## Task goal
Taking the line with "غرفه جديد الاستفسار ***********" as the first and the line with "Проф. Салчев: НЗОК" as the last, set down exactly every line in that range from the entries below, and no more.

## Working data
[Start of section]

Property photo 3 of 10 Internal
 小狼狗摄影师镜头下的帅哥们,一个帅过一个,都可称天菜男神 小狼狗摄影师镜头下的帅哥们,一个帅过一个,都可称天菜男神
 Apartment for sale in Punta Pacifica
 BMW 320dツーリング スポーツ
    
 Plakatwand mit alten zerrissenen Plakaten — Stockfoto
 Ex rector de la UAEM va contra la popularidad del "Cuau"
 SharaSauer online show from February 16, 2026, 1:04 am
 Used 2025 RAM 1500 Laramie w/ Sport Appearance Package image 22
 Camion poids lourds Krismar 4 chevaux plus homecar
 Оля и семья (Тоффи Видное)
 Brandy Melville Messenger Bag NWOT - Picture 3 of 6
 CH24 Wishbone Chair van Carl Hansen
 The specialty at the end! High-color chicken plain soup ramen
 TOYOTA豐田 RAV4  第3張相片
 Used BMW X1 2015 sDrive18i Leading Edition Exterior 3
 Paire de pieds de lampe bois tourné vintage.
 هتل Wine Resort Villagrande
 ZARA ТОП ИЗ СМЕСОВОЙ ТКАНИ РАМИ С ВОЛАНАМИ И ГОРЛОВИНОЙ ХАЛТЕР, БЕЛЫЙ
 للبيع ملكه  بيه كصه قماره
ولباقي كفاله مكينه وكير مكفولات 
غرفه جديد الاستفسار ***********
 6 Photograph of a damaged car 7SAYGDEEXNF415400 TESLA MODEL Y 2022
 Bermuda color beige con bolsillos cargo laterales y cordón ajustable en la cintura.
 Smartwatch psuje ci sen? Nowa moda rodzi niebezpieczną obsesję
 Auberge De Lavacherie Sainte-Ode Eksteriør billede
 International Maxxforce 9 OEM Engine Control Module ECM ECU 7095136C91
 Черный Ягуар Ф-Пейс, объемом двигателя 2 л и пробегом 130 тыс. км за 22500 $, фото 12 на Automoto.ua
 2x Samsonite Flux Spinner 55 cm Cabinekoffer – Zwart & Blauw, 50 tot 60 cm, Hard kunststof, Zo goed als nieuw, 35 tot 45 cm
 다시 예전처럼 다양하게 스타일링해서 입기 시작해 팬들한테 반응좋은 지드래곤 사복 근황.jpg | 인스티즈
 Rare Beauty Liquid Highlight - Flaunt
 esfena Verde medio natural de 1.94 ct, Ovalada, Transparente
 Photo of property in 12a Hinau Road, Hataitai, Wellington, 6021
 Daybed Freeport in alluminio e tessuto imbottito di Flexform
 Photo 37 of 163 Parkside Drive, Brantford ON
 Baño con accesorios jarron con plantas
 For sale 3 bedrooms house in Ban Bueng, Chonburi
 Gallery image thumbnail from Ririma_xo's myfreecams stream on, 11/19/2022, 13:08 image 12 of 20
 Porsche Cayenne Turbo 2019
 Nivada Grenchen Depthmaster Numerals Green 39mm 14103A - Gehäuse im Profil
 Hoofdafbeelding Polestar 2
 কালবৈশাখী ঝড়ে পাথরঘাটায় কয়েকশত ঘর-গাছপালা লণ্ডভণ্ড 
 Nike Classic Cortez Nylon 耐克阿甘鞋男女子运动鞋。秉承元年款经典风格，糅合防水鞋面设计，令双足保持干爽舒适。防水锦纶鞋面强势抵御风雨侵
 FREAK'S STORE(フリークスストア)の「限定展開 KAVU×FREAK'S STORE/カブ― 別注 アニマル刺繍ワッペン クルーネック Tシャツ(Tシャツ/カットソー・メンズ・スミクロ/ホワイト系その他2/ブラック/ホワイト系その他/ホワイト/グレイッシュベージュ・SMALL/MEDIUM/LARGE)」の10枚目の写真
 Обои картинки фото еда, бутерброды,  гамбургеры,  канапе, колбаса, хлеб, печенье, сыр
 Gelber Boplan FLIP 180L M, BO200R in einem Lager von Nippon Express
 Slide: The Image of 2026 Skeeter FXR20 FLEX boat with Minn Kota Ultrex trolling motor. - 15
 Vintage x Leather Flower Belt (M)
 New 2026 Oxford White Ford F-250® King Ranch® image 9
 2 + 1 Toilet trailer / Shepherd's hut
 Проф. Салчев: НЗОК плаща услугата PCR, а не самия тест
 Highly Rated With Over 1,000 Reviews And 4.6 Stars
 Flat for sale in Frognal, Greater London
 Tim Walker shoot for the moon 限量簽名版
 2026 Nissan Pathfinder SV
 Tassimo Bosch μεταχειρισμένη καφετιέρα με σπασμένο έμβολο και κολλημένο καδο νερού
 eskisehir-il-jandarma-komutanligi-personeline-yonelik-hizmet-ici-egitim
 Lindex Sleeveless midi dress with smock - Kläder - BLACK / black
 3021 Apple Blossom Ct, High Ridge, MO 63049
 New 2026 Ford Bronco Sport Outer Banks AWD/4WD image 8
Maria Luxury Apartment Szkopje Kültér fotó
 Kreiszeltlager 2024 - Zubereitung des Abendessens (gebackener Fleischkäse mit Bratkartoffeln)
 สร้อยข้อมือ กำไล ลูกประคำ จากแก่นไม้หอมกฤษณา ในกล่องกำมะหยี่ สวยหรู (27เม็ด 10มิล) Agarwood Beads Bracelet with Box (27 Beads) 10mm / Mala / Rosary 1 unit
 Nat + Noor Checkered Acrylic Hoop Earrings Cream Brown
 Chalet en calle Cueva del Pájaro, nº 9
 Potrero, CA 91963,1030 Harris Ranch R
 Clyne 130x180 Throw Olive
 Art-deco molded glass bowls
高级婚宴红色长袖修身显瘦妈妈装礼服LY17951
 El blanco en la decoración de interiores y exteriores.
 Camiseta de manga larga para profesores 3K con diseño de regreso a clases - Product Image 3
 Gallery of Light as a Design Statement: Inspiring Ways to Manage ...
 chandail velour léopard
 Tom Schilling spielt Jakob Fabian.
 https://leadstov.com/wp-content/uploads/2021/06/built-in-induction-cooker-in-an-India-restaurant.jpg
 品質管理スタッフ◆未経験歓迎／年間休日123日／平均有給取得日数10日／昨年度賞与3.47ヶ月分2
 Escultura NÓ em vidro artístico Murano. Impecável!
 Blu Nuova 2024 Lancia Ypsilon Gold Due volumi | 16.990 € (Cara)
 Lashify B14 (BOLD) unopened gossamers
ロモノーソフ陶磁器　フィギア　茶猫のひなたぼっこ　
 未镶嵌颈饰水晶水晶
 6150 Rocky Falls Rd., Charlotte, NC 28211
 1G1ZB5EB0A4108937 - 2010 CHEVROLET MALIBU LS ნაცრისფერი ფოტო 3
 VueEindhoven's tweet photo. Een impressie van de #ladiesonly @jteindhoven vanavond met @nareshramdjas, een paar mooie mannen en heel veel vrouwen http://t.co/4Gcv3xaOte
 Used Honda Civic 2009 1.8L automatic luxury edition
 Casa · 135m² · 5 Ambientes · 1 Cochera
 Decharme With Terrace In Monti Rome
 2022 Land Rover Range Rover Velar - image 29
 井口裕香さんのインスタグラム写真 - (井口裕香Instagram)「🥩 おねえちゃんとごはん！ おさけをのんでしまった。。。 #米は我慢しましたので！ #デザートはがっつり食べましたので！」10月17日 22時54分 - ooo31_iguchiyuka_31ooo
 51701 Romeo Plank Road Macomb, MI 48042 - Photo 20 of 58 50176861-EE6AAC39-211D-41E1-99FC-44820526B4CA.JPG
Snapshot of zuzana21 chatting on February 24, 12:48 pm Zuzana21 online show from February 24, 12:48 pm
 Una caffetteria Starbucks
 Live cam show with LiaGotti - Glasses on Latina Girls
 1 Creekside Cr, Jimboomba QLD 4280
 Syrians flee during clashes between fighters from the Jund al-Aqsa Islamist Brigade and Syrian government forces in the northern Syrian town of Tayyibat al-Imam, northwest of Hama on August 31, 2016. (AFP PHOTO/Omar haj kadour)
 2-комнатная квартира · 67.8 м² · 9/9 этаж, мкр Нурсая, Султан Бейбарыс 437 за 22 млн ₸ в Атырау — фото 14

[End of section]

## Written solution
غرفه جديد الاستفسار ***********
 6 Photograph of a damaged car 7SAYGDEEXNF415400 TESLA MODEL Y 2022
 Bermuda color beige con bolsillos cargo laterales y cordón ajustable en la cintura.
 Smartwatch psuje ci sen? Nowa moda rodzi niebezpieczną obsesję
 Auberge De Lavacherie Sainte-Ode Eksteriør billede
 International Maxxforce 9 OEM Engine Control Module ECM ECU 7095136C91
 Черный Ягуар Ф-Пейс, объемом двигателя 2 л и пробегом 130 тыс. км за 22500 $, фото 12 на Automoto.ua
 2x Samsonite Flux Spinner 55 cm Cabinekoffer – Zwart & Blauw, 50 tot 60 cm, Hard kunststof, Zo goed als nieuw, 35 tot 45 cm
 다시 예전처럼 다양하게 스타일링해서 입기 시작해 팬들한테 반응좋은 지드래곤 사복 근황.jpg | 인스티즈
 Rare Beauty Liquid Highlight - Flaunt
 esfena Verde medio natural de 1.94 ct, Ovalada, Transparente
 Photo of property in 12a Hinau Road, Hataitai, Wellington, 6021
 Daybed Freeport in alluminio e tessuto imbottito di Flexform
 Photo 37 of 163 Parkside Drive, Brantford ON
 Baño con accesorios jarron con plantas
 For sale 3 bedrooms house in Ban Bueng, Chonburi
 Gallery image thumbnail from Ririma_xo's myfreecams stream on, 11/19/2022, 13:08 image 12 of 20
 Porsche Cayenne Turbo 2019
 Nivada Grenchen Depthmaster Numerals Green 39mm 14103A - Gehäuse im Profil
 Hoofdafbeelding Polestar 2
 কালবৈশাখী ঝড়ে পাথরঘাটায় কয়েকশত ঘর-গাছপালা লণ্ডভণ্ড 
 Nike Classic Cortez Nylon 耐克阿甘鞋男女子运动鞋。秉承元年款经典风格，糅合防水鞋面设计，令双足保持干爽舒适。防水锦纶鞋面强势抵御风雨侵
 FREAK'S STORE(フリークスストア)の「限定展開 KAVU×FREAK'S STORE/カブ― 別注 アニマル刺繍ワッペン クルーネック Tシャツ(Tシャツ/カットソー・メンズ・スミクロ/ホワイト系その他2/ブラック/ホワイト系その他/ホワイト/グレイッシュベージュ・SMALL/MEDIUM/LARGE)」の10枚目の写真
 Обои картинки фото еда, бутерброды,  гамбургеры,  канапе, колбаса, хлеб, печенье, сыр
 Gelber Boplan FLIP 180L M, BO200R in einem Lager von Nippon Express
 Slide: The Image of 2026 Skeeter FXR20 FLEX boat with Minn Kota Ultrex trolling motor. - 15
 Vintage x Leather Flower Belt (M)
 New 2026 Oxford White Ford F-250® King Ranch® image 9
 2 + 1 Toilet trailer / Shepherd's hut
 Проф. Салчев: НЗОК плаща услугата PCR, а не самия тест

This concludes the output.